# Records for the task
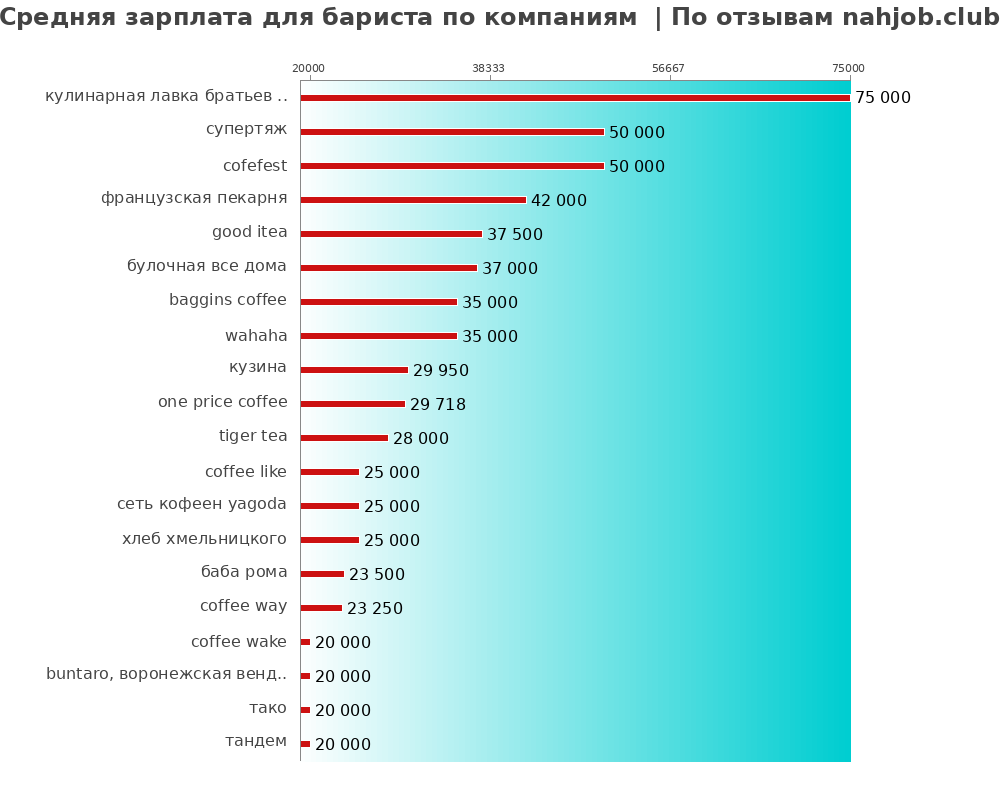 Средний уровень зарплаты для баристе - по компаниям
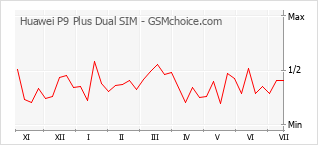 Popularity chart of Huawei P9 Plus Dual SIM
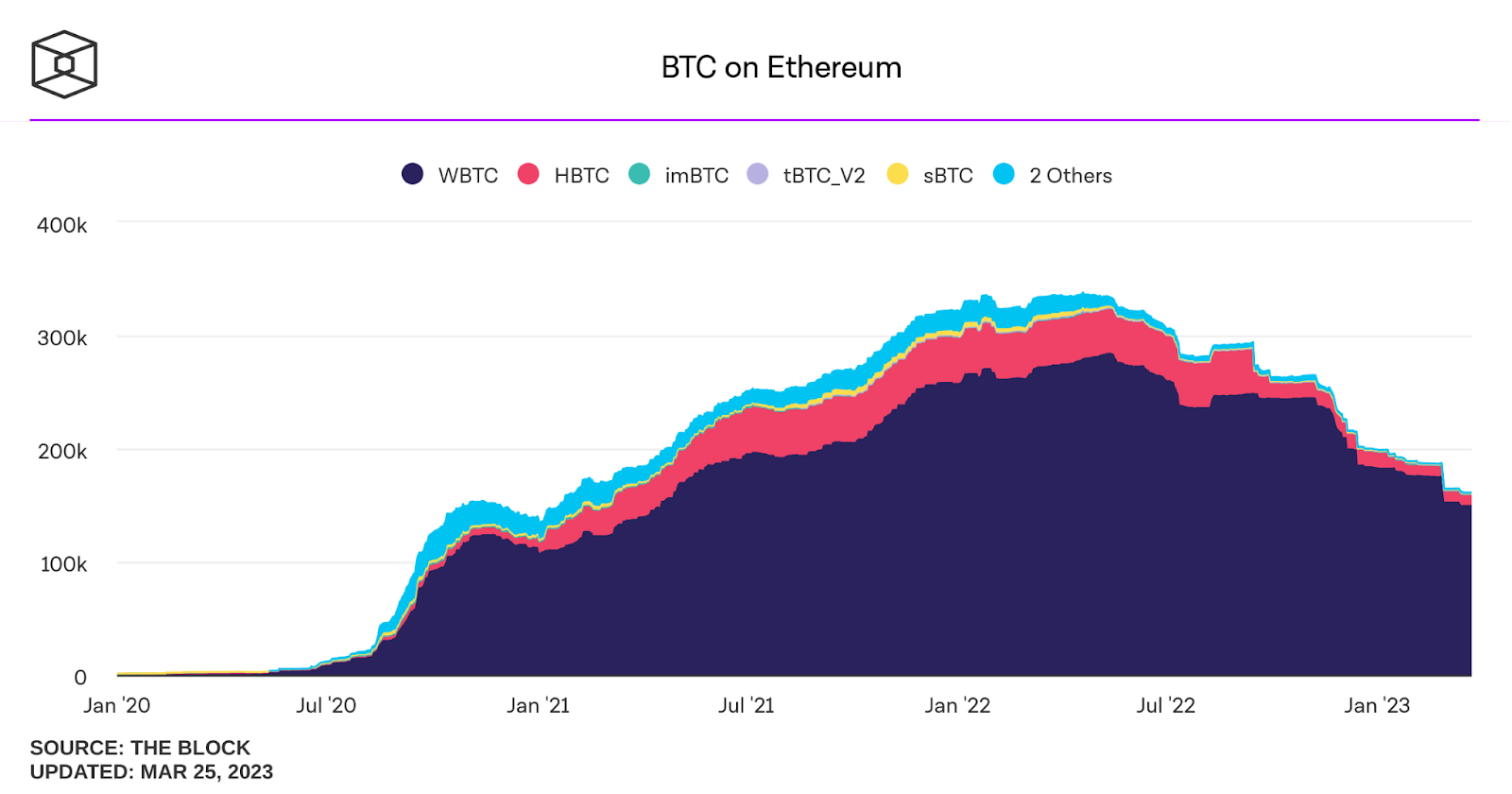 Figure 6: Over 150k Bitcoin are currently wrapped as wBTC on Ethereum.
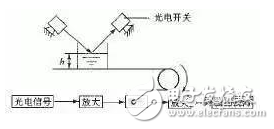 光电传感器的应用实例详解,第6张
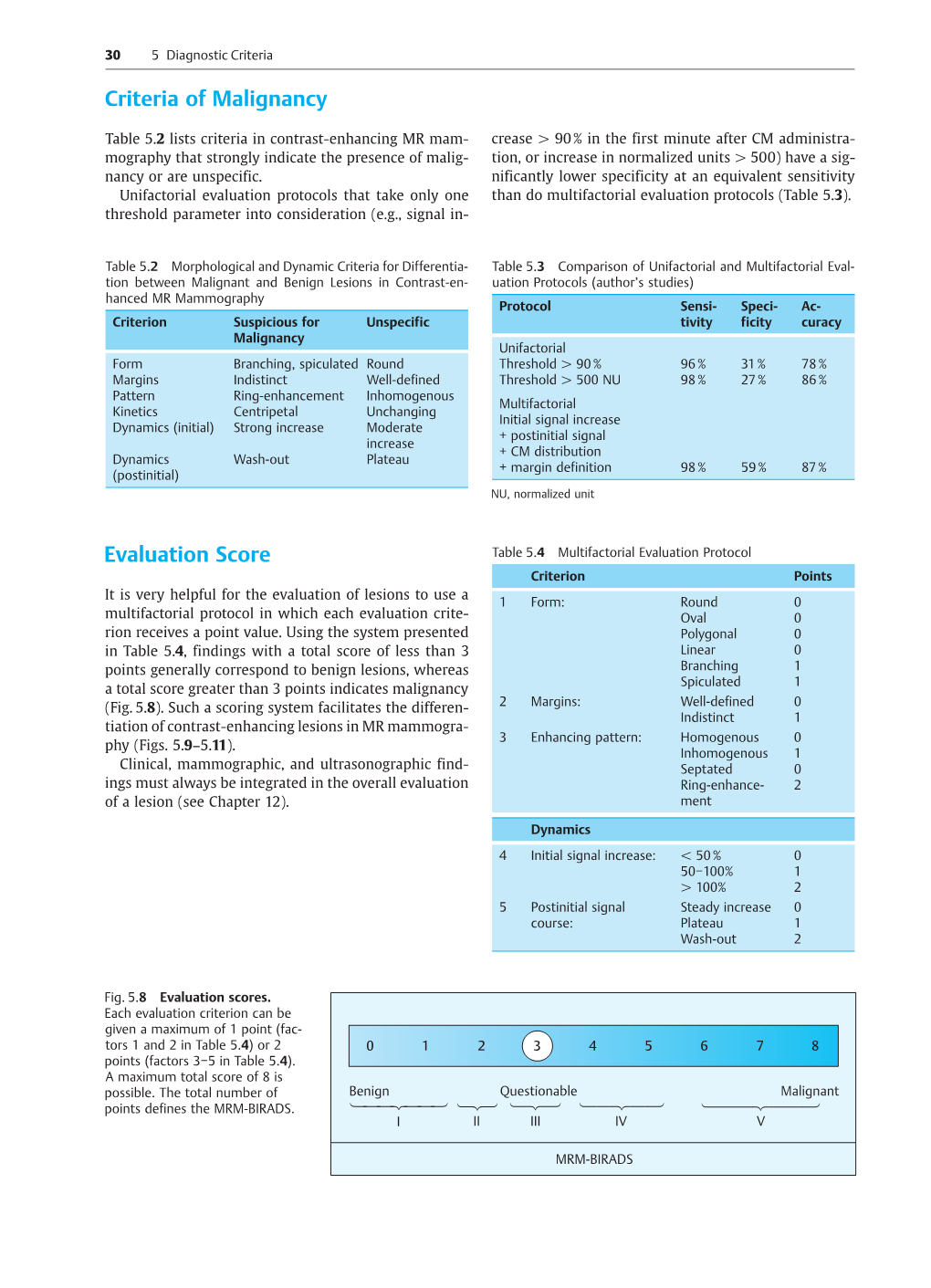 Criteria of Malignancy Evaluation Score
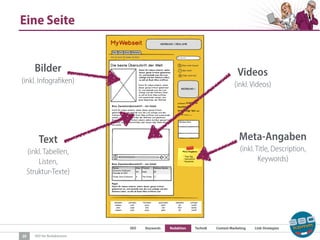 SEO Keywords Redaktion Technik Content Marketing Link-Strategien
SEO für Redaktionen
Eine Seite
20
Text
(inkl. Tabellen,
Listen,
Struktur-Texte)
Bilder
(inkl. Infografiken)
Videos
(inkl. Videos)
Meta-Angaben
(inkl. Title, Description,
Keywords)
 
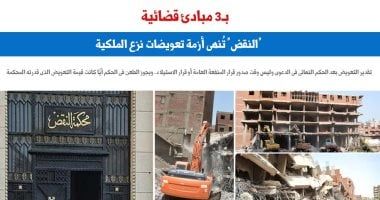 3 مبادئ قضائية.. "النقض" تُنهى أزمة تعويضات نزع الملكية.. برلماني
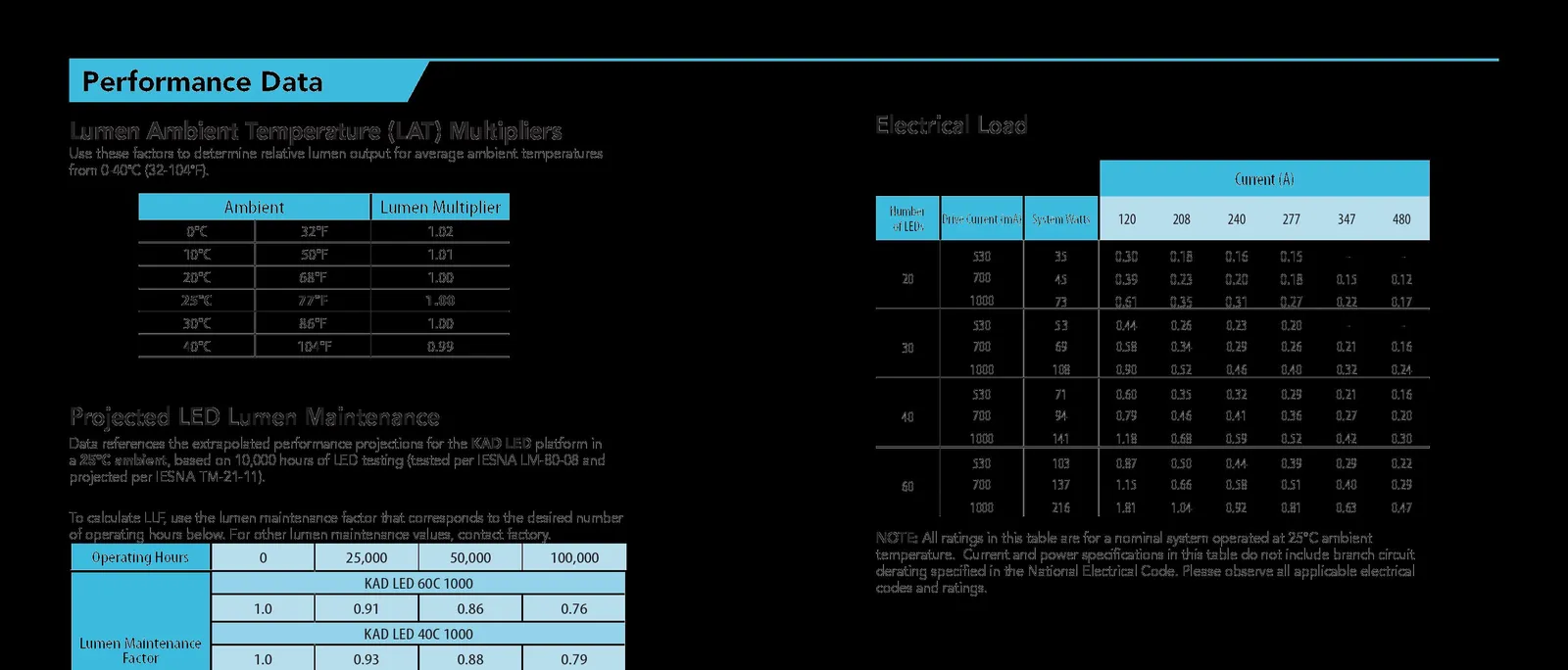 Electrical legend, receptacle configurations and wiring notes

# Exercise aim
Please print the line that contains "Criteria of Malignancy Evaluation Score" along with every later line of the material, exactly, through the last one. Leave pictures out of the copy.

# Expected output
 Criteria of Malignancy Evaluation Score
 SEO Keywords Redaktion Technik Content Marketing Link-Strategien
SEO für Redaktionen
Eine Seite
20
Text
(inkl. Tabellen,
Listen,
Struktur-Texte)
Bilder
(inkl. Infografiken)
Videos
(inkl. Videos)
Meta-Angaben
(inkl. Title, Description,
Keywords)
 
 3 مبادئ قضائية.. "النقض" تُنهى أزمة تعويضات نزع الملكية.. برلماني
 Electrical legend, receptacle configurations and wiring notes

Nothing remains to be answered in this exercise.